El Señor nos invita a creer en Él. No hace ningún gesto aparatoso que atraiga nuestra atención, y nos mueva a creer en Él. No se quiere imponer. Quiere que le conozcamos mejor, y conociéndole, que nuestro corazón se mueva a amarle y a seguirle.
“Yo, la luz, he venido al mundo para que todo el que crea en Mí no siga en las tinieblas”.
El abismo que nos separa de Dios Padre y Creador, es inmenso y el hombre no tiene modo alguno de recorrerlo.
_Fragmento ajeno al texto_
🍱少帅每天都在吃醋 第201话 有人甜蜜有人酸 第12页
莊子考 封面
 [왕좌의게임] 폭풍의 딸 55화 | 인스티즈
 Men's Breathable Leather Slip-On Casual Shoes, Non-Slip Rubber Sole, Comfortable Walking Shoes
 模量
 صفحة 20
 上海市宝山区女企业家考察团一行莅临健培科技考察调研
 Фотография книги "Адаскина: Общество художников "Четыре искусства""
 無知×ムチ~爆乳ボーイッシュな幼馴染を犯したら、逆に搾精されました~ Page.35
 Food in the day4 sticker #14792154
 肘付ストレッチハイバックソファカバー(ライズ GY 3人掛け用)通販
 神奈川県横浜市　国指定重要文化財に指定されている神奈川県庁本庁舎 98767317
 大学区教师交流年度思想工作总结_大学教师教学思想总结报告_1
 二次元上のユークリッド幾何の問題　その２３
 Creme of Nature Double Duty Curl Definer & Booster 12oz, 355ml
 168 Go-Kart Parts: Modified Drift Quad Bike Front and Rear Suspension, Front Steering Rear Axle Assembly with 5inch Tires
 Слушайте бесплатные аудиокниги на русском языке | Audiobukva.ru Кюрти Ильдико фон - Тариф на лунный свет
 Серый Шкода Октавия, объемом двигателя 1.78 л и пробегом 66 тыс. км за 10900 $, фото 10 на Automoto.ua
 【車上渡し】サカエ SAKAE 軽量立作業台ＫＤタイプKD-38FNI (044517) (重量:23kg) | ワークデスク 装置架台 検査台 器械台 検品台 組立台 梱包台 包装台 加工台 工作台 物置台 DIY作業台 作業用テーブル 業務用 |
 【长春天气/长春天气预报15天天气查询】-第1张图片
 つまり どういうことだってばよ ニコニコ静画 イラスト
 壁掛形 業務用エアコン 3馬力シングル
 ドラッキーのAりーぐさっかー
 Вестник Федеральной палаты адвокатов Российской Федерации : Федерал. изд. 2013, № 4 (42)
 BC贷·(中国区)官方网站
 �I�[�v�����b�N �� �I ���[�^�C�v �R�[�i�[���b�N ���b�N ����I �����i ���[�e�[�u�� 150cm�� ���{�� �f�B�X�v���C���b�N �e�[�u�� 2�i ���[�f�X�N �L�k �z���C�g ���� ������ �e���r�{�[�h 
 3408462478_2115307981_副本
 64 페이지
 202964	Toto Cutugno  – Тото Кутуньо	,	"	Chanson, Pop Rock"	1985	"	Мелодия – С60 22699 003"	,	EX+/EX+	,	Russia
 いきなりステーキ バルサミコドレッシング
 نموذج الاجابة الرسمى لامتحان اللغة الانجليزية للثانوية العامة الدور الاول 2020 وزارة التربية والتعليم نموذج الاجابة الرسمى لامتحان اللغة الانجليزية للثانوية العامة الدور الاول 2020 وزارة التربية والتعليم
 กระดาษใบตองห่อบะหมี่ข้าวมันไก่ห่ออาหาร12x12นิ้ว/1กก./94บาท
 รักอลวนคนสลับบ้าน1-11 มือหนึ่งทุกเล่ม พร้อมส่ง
El hombre ha adorado a dioses falsos, a dioses con los que su mente y su corazón han querido tranquilizarse y colmar el vacío inmenso que descubre en su corazón anhelante de Dios, de Dios verdadero, del Único Dios.
El Señor no se impone, no obliga a nuestra libertad a seguirle deslumbrando nuestra inteligencia con una luz avasalladora. No. Respeta nuestra libertad; ama nuestra libertad; quiere ser amado por un corazón y una inteligencia libre. Y a la vez, nos recuerda nuestra responsabilidad de buscarle, de conocerle, de salir a su encuentro.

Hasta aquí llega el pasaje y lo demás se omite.